The negatives show signs of wear. The emulsion has chipped and flaked off leaving voids of black in the print. Some of the deterioration looks oddly decorative. Other deterioration foreshadows the violence to come.
Some of the prisoners face the camera with the look of confusion. Some look with what we may translate as the knowing gaze of what is to come. A few even cannot resist that apparent universal instinct to smile before a camera. It is a direct gaze which we are confronted with time and time again in these photographs that is most disturbing. Almost all look straight into the lens and into our eyes. We look at them with a perverse curiosity since we know their fate and cannot do more. We may ask what it would be like to be in their shoes at that moment.

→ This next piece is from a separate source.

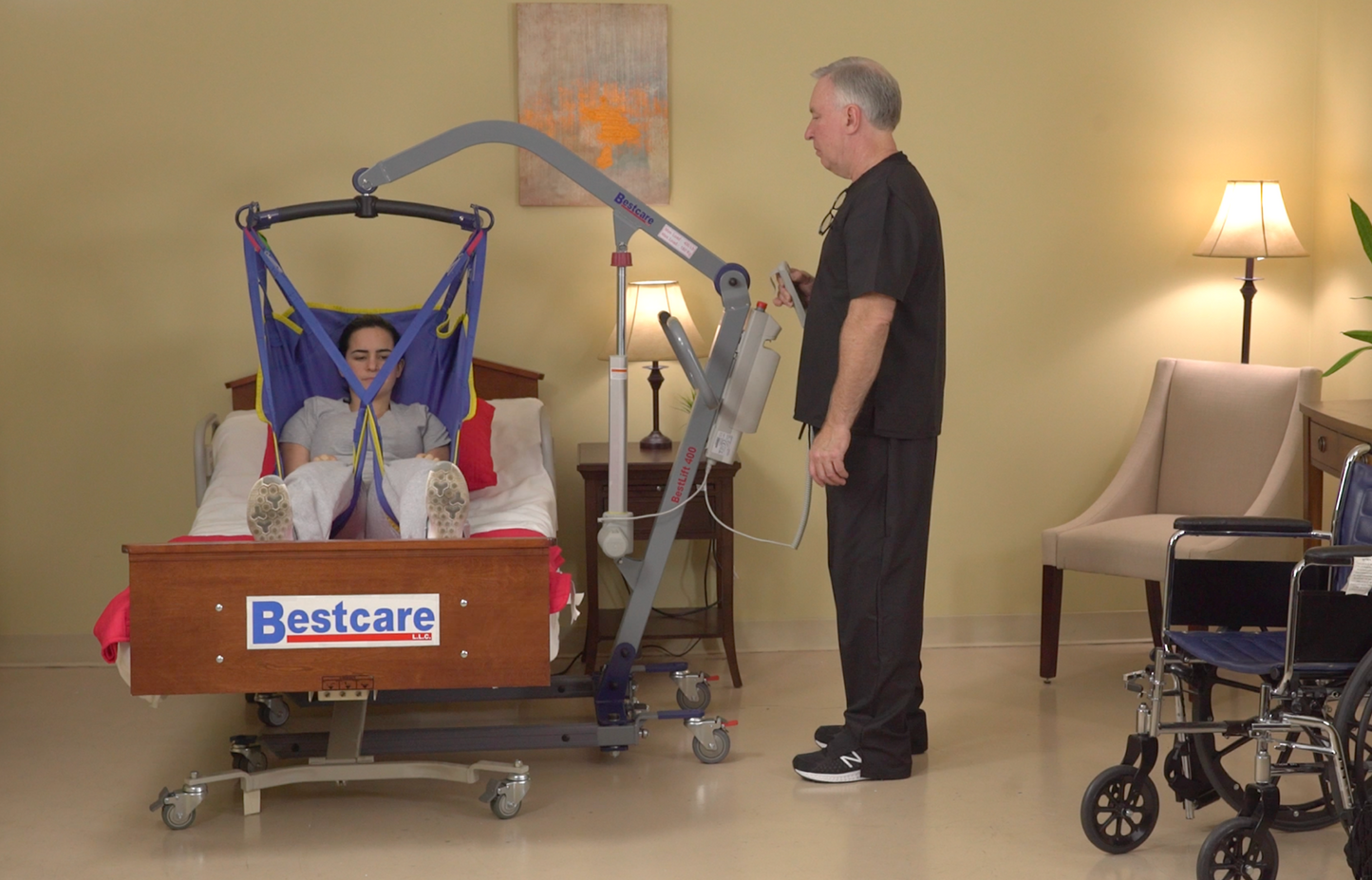 PL500 patient lift placing patient in bed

This is a brutal book. Partly because of the beauty found in these portraits and partly because of the way we read how each face is of an individual due to viewing them one after another in book form. Here we are looking at people who have been unknowingly given a death sentence and perhaps have as much as a few days or as little as a few hours left to live. We also know as viewers that most will suffer torture before dying. They are possibly being put to death simply because their captors see what we can see, that they are individuals. As we proceed through the book our thoughts of their innocence becomes more solid page by page.
We see them as innocent because we know how that regime worked but innocence or quilt cannot be seen in photographs. What is stupefying is that somehow, others saw these people as guilty and had no problem with torturing and executing them. Perhaps they were even happy to do so.
Is it the photograph that causes this disconnect? Would we feel differently if we were present looking through the viewfinder? Would we see something that the photograph changed or didn’t reveal? I would like to think not. I would like to think that the disconnect is a moral one. An ethical one. What I do know is that this book causes me to feel a lot for complete strangers. It is compassion that crosses half the distance of the world and 30 years of time. These photographs make me love and despise humanity in the same moment.
This book is an emotionally powerful yet impotent gravemarker.